9. In this connection, it must also be pointed out that the previous money decrees which are still not satisfied cannot amount to payment within the meaning of Section 12(3)(6) of the Bent Act, which requires for its application not mere decrees but actual payment or tender in Court of the standard rent and permitted increases then due, which would include all such amounts as are in arrears whether or not decrees were made for those arrears. To give any other construction to these provisions would frustrate the application of Section 12 to the proceedings and expect the tenants to take advantage of their own defaults merely because decrees have been made against them and which decrees were not satisfied, and probably would never be satisfied.

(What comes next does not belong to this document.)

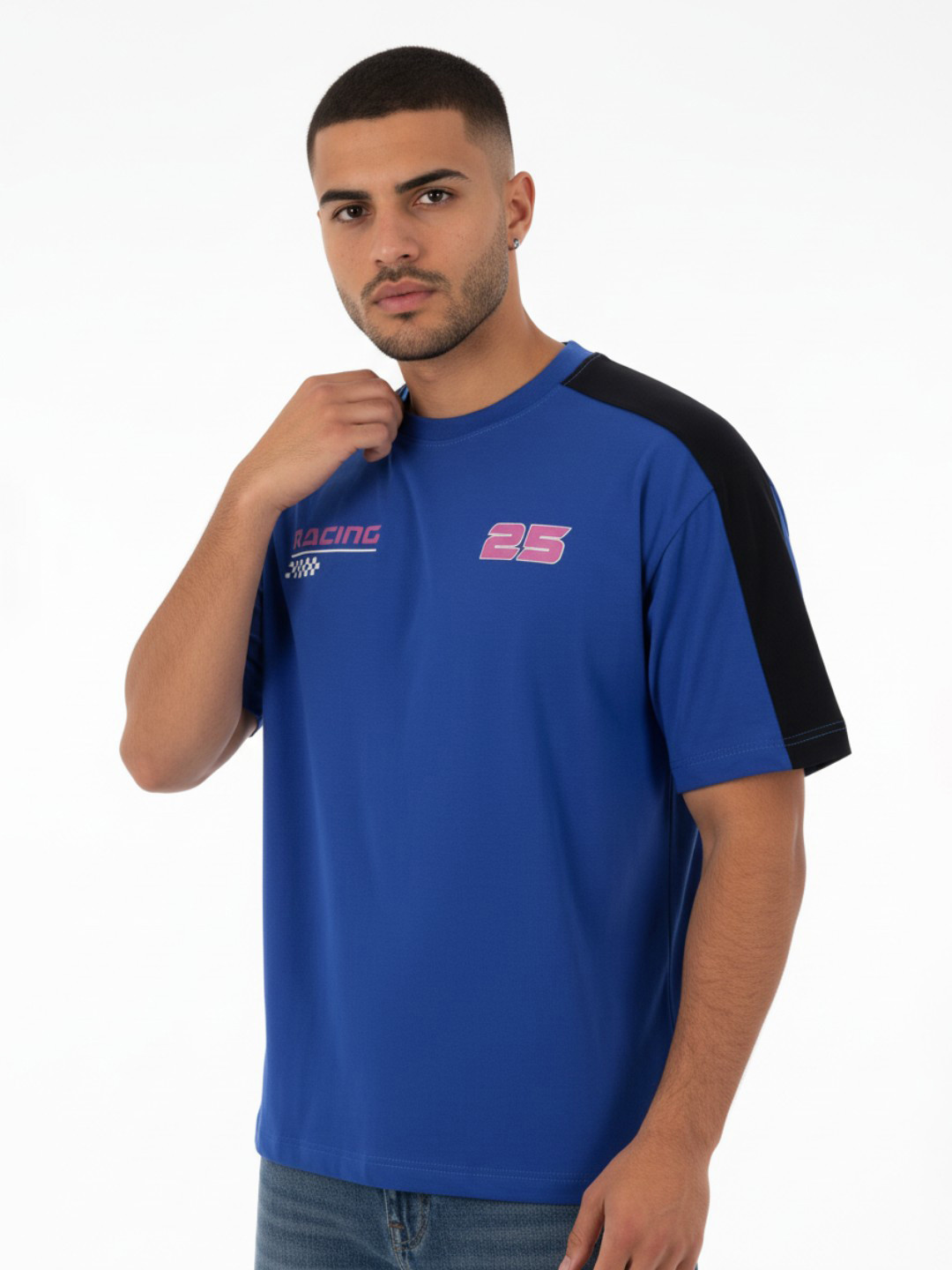 glitchez Racing Typography Relaxed Fit T-shirt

10. Apart from this, there is another aspect to be considered. This is an application to this Court for exercising its extra-ordinary jurisdiction under Article 227 of the Constitution. The Court is not bound to exercise its powers except in the interest of justice. We are not satisfied that the interests of justice require that we should interfere with, the findings in this case. In this connection, it must be pointed out that when this application was made to this Court, an interim stay was applied for by this defendant. By an order dated December 5, 1967, this Court gave a conditional stay, the condition being that the petitioner should comply with such terms as were imposed by the Court below. The lower 'Court after hearing the parties directed the petitioner on January 5, 1968, to make a deposit of a sum of Rs. 28,175 being the arrears of compensation from the date of the suit until the date in question. No such deposit, however, was made by the petitioner. Thereafter the plaintiffs executed the writ on March 5, 1968, but the execution was resisted by the Columbia Chemicalcolours Industries Pvt. Ltd., and we understand that the Columbia Chemicalcolours Industries Pvt. Ltd. have now filed a suit in the Small Cause Court for a declaration that they are entitled to a legal right of tenancy in the suit premises. We do not see why the writ jurisdiction of this Court should be exercised to perpetuate the litigation between the parties when the tenant himself introduces persons after persons in the premises belonging to the landlords and thus abuses the provisions of the Rent Act.
11. In the result, the rule is discharged with costs. Costs to be in favour of respondents Nos. 1 and 2.